Implementar um per-kind Executor no engine do Koder Workflow (workflow#008)
Adicionar/alterar o endpoint de execução de gateway/tools/sandbox/agents consumido pelo workflow
Mapear a saída de um serviço de execução para o output de um step do workflow
Definir propagação de tenant/timeout/idempotência numa chamada workflow→serviço

Spec — Workflow Executor Protocol

Status: Stable v1.0.0 (ratified 2026-05-28). Normative. The §4.1/§4.3/ §4.4 endpoint proposals are now required of the owning services (gateway/tools/agents) and tracked as AIGW-054, TOOLS-021, AGENTS-022. The §4.3 invocation pattern is fixed to (a) tools-mediated invoke (per §4.3 default). R-rules (§3) are normative for any executor consuming this protocol.

1. Scope

The Koder Workflow engine (services/ai/workflow/backend/internal/engine) advances a run by executing each ready step through a single seam — the Executor interface:

type Executor interface {
    Execute(ctx context.Context, run *Run, stepName string, step dsl.Step) (any, error)
}

The engine already ships executors for the in-process kinds (subflow → nested run; human → pause+signal; branch/parallel/aggregate handled in the advance logic). This spec covers the out-of-process kinds — the ones that call another Koder service:

Step kind	Target service	Step config (from `pkg/authoring`)
`llm`	`services/ai/gateway`	`{model, prompt}`
`tool`	`services/ai/tools`	`{tool}`
`code`	`services/ai/sandbox`	`{language, source}`
`agent`	`services/ai/agents`	`{agent}`

It defines (a) the common contract every out-of-process executor obeys (§3) and (b) the per-kind binding to each service's wire API (§4), flagging which contracts are READY vs TO-DEFINE.

This is the unblock artifact for workflow#008 ("engine production wiring") — its per-kind executors are blocked precisely because three of the four execution contracts below do not exist yet.
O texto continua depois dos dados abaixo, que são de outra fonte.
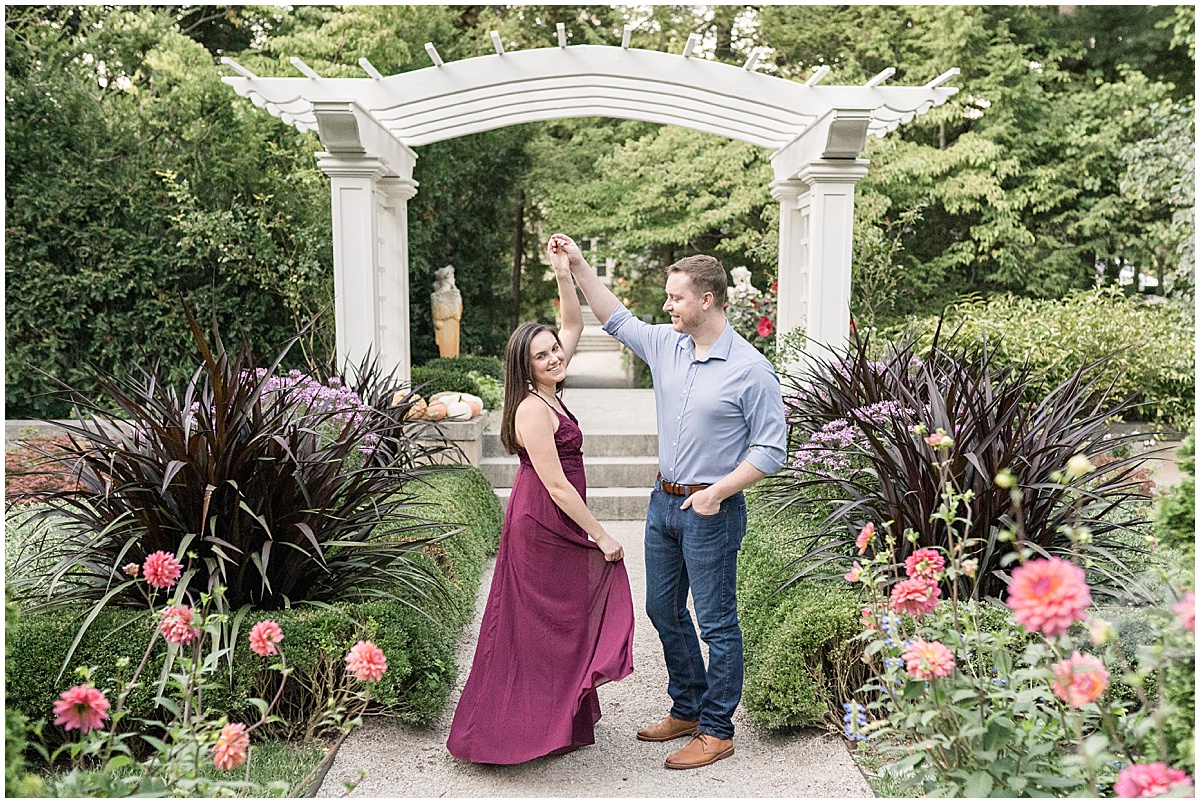 Couple dancing at jewel tone engagement photos at Newfields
2. Readiness (ratified 2026-05-28)

Kind	Service endpoint	State
`code`	`POST /v1/sandbox/sessions/{id}/exec` (`ExecRequest`→`ExecResponse`)	✅ SHIPPED — `CodeExecutor` + `HTTPSandboxClient` (workflow#008 `code.go`, 2026-05-26)
`llm`	`POST /v1/chat/completions` (existing, OpenAI-shaped)	🟢 READY — endpoint exists; §4.1 amended (v1.0.1) to point at it; executor ships against this shape
`tool`	`POST /v1/tools/{name}/invoke` (tools-mediated, TOOLS-021)	🟢 SPECIFIED — invoke shape ratified §4.3 (a); executor pending endpoint ship
`agent`	`POST /v1/agents/{id}/run` (proposed, AGENTS-022)	🟢 SPECIFIED — run shape ratified §4.4; executor pending endpoint ship

code ships today. The other three are blocked-by §6 follow-up tickets on their owning services; each ships as the corresponding endpoint lands.
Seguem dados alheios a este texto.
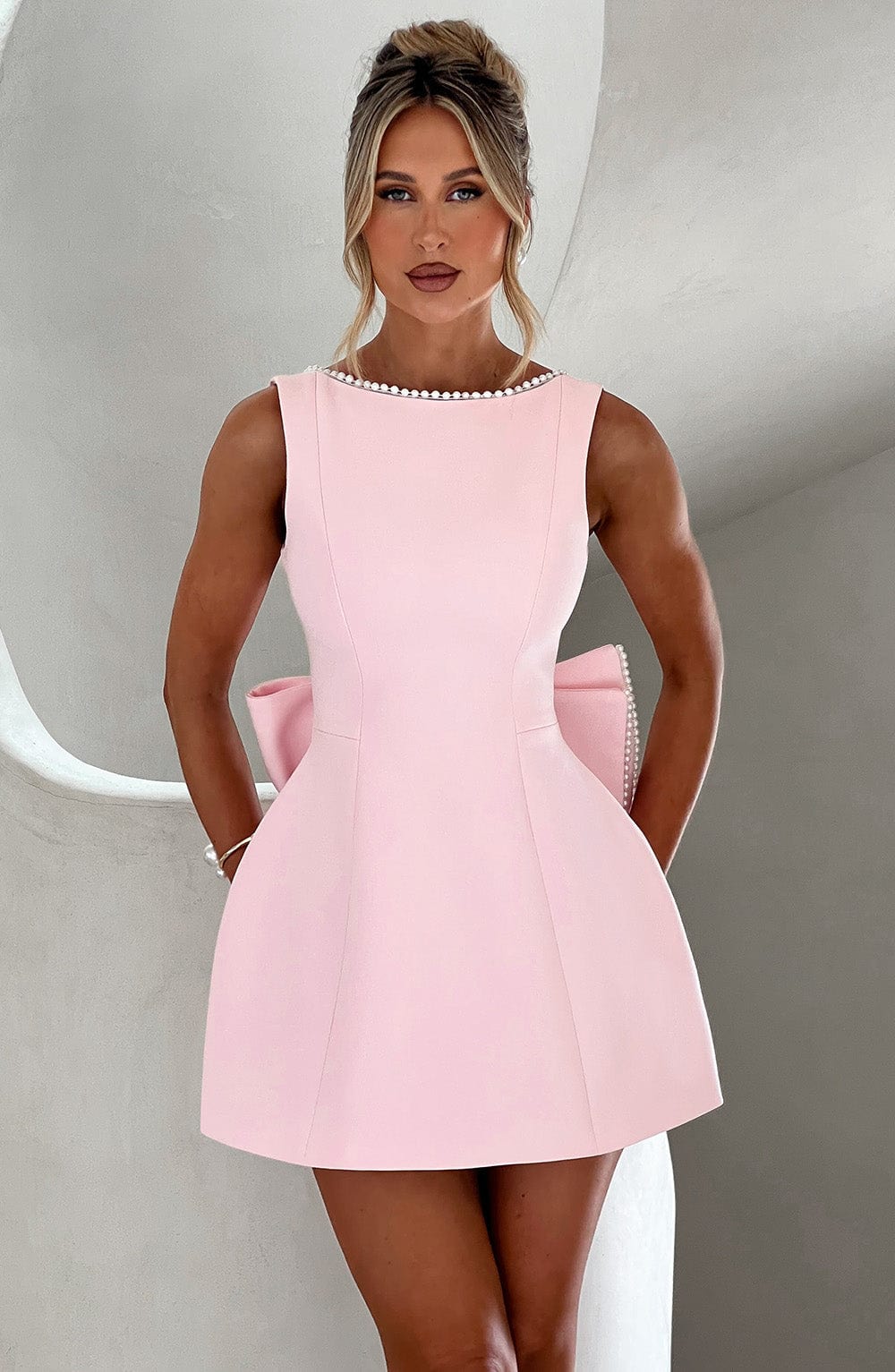 Elegant structured pink mini dress for women, ideal for a wedding guest or cocktail event.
3. Common executor contract (R-rules)

R1 — Request derivation. Each executor builds its request from step.Config (the typed kind config) plus the run scope (run.State, prior steps.X.output in run.History, run.Inputs). Template tokens (${inputs.topic}, ${steps.research.output}) are rendered by the engine before the executor sees them (consistent with the CEL guard scope).
R2 — Tenant propagation. The call carries run's koder_user_id (and workspace_id if set) per policies/multi-tenant-by-default.kmd. A cross-tenant target resolves to 404, never 403. No executor may call a service without an authenticated tenant context.
R3 — Auth. Service-to-service auth uses the Koder ID service-account token of the workflow runner (not the end user's session). The end-user tenant rides in the request body/header per R2, not as the auth principal.
R4 — Timeout. The executor honors step.TimeoutSec (0 = service default). It passes the deadline to the service where the wire supports it (e.g. sandbox timeout_ms) AND enforces it client-side via ctx.
R5 — Idempotency. When step.IdempotencyKey is set (rendered per R1), the executor sends it so a retried step does not double-execute a side-effecting call. The engine already dedupes identical renders within a run; the service must treat the key as a dedupe token where it mutates.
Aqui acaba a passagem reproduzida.